- AIM OF THE TASK -
Word for word, copy the data that follows and skip its pictures.

- LISTED ENTRIES -
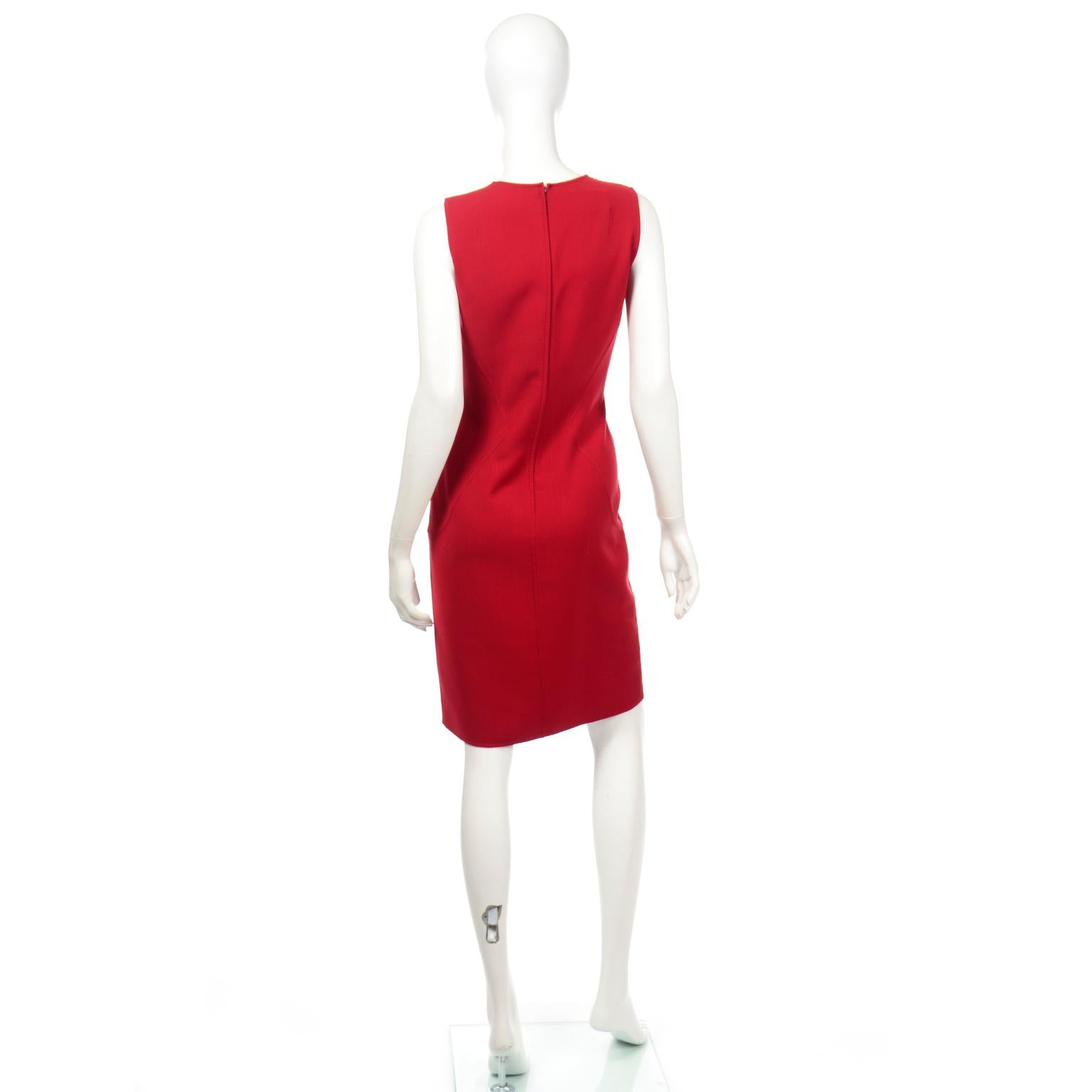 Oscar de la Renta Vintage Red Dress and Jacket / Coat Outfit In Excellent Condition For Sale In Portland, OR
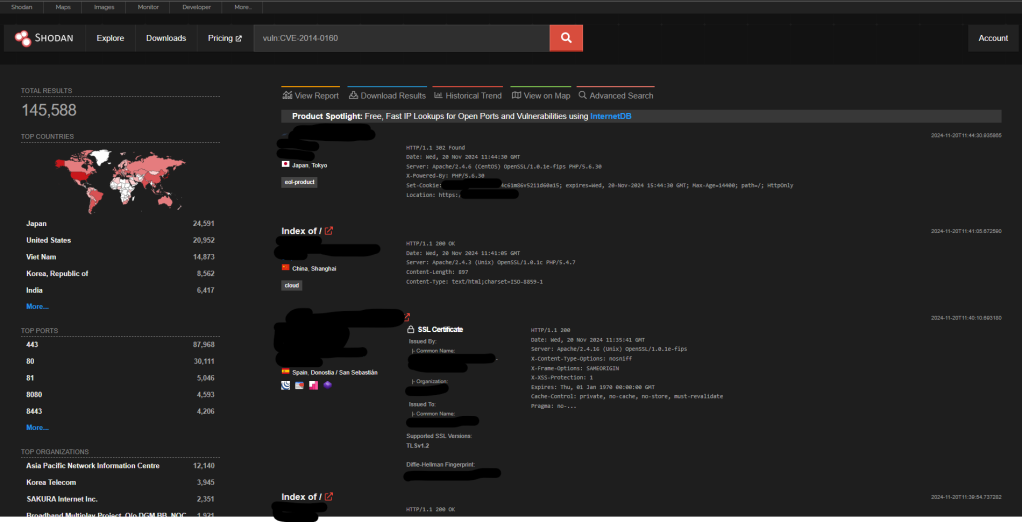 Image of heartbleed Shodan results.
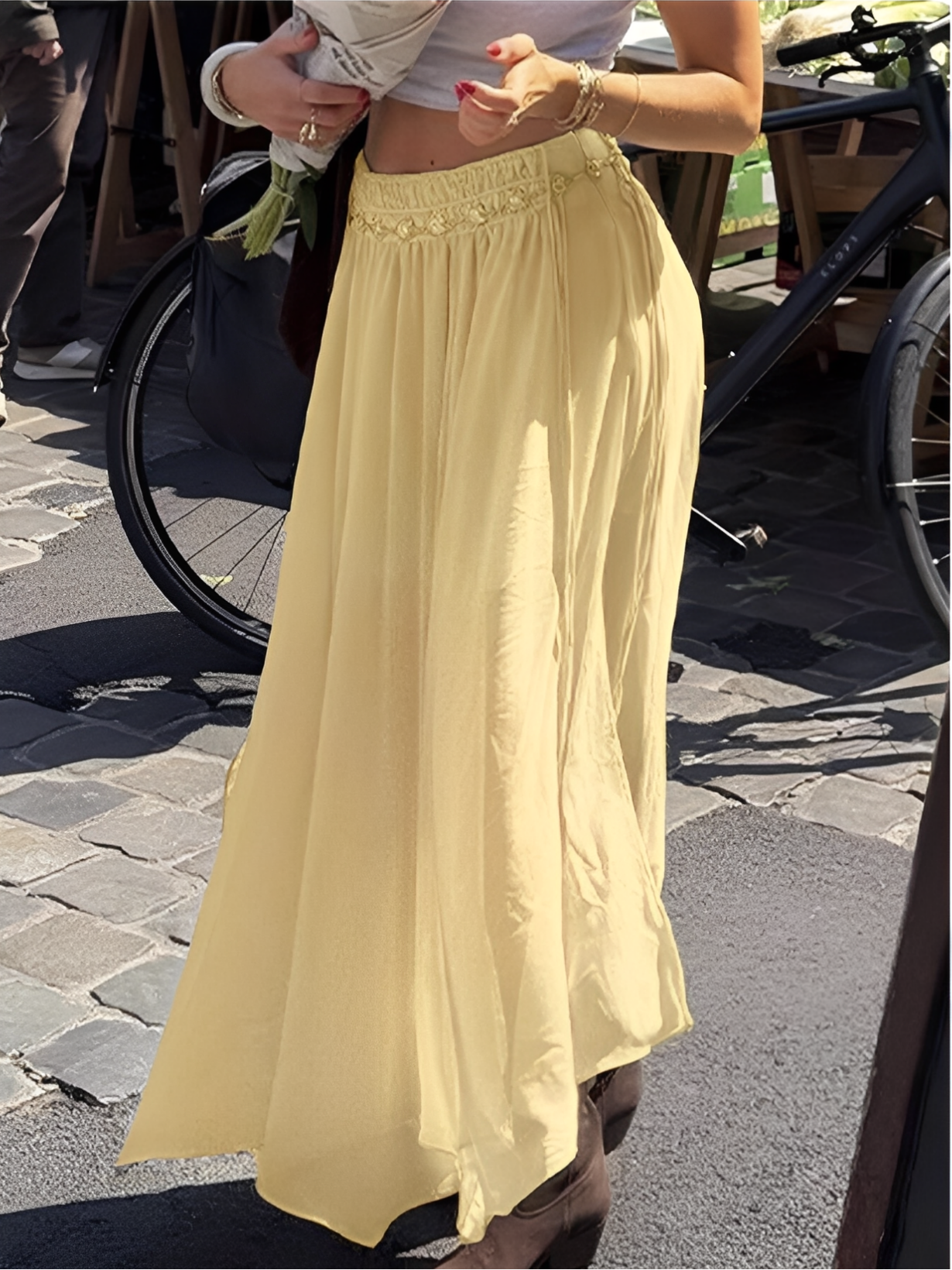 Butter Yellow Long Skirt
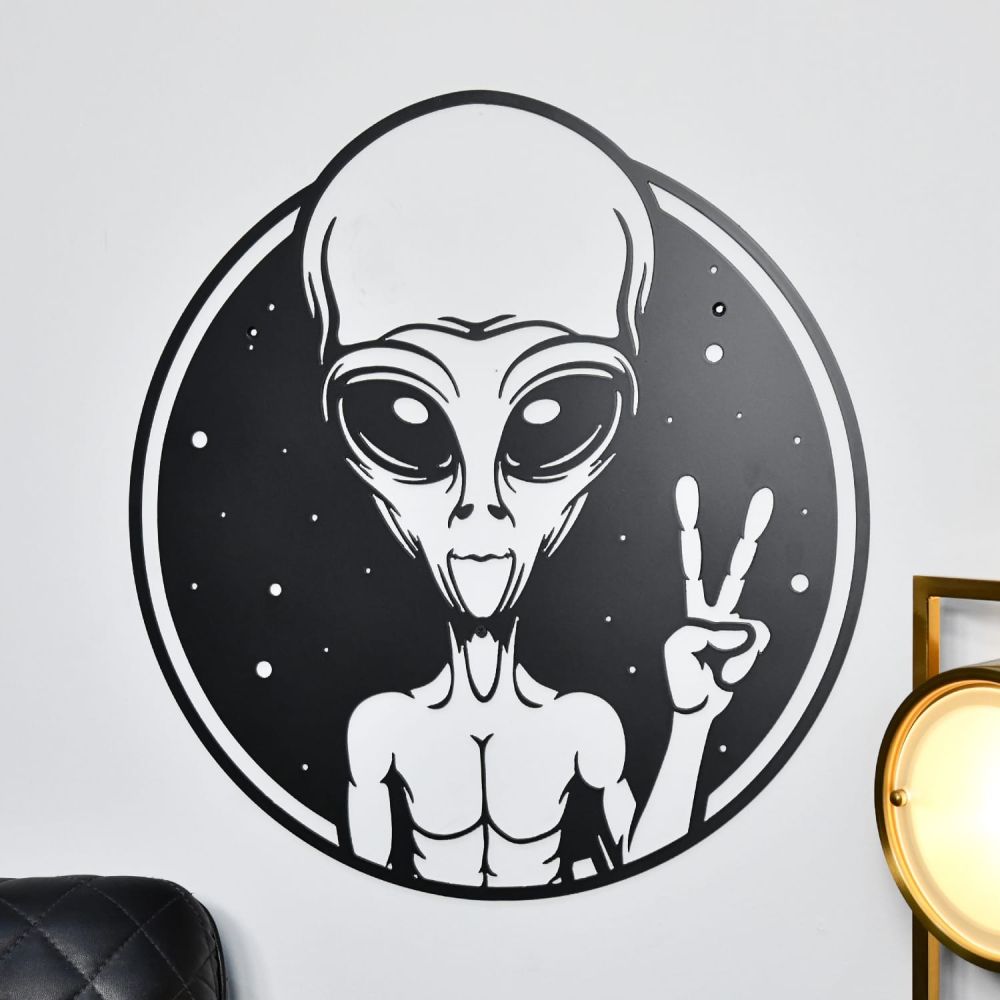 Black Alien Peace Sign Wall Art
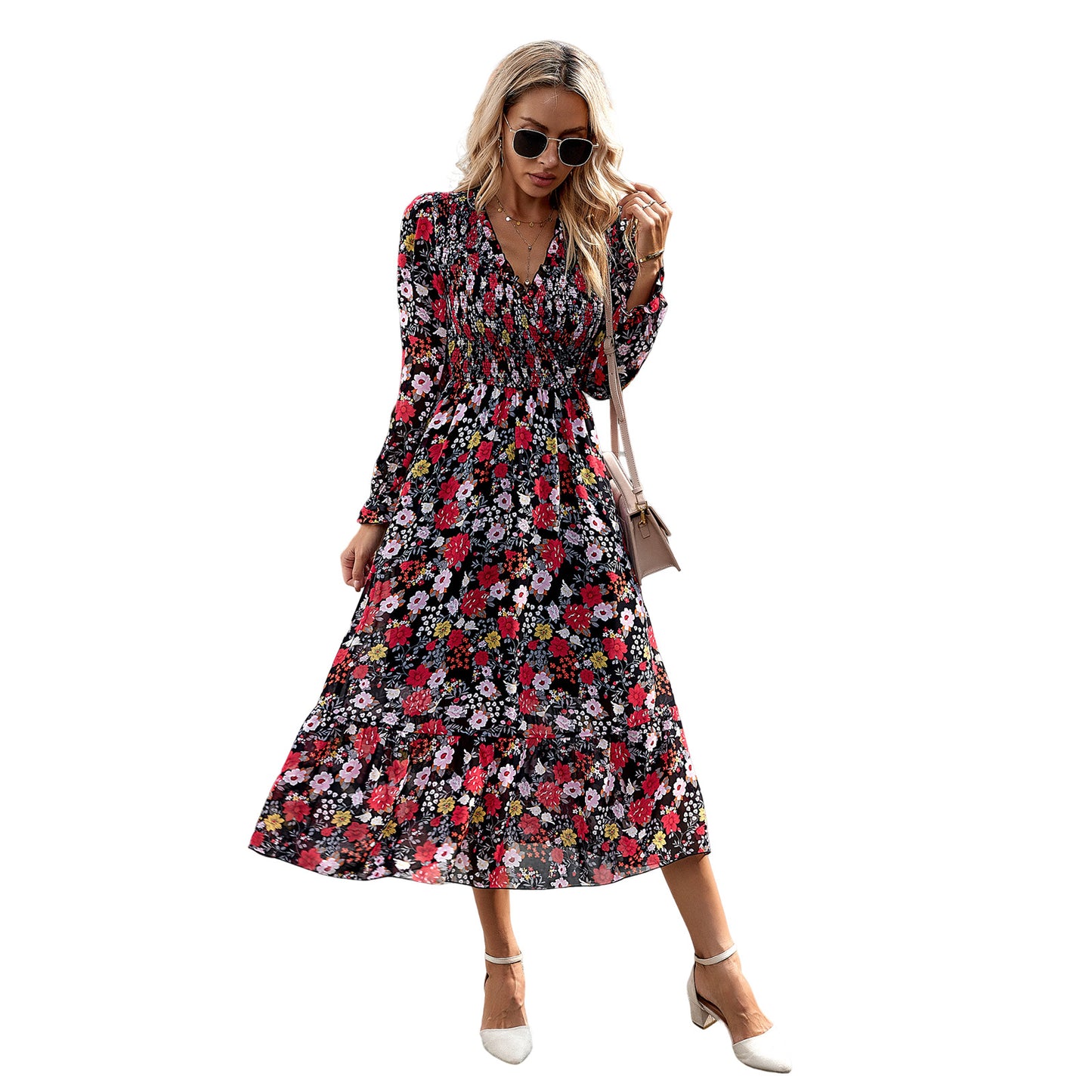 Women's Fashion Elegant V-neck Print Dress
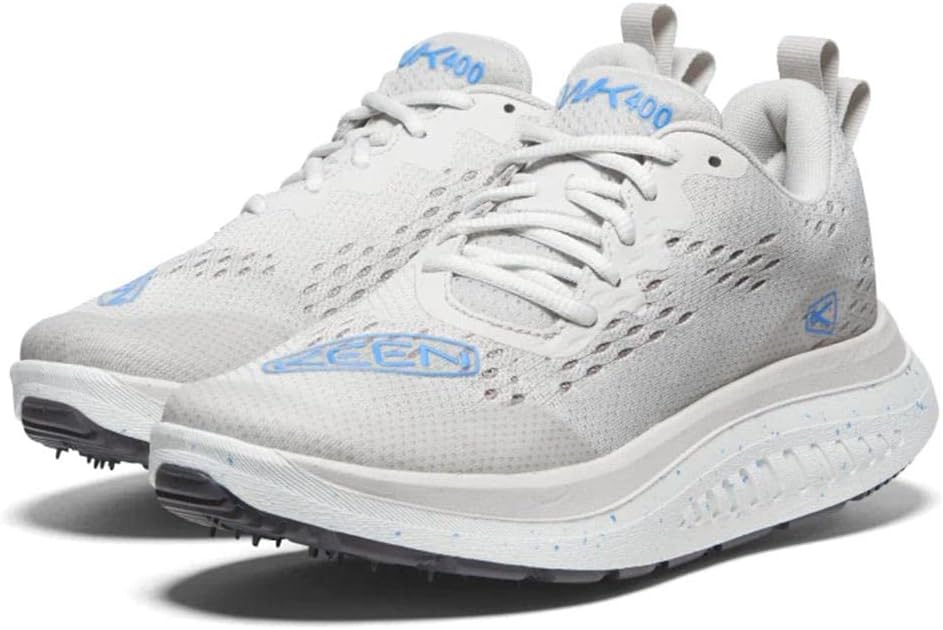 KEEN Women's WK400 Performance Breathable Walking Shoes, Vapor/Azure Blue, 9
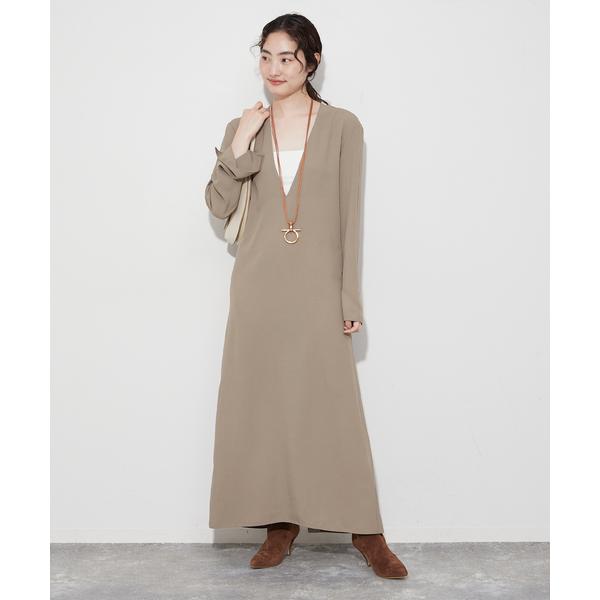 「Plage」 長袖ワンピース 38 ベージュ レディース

- RESPONSE FOR THIS EXERCISE -
 Oscar de la Renta Vintage Red Dress and Jacket / Coat Outfit In Excellent Condition For Sale In Portland, OR
 Image of heartbleed Shodan results.
 Butter Yellow Long Skirt
 Black Alien Peace Sign Wall Art
 Women's Fashion Elegant V-neck Print Dress
 KEEN Women's WK400 Performance Breathable Walking Shoes, Vapor/Azure Blue, 9
 「Plage」 長袖ワンピース 38 ベージュ レディース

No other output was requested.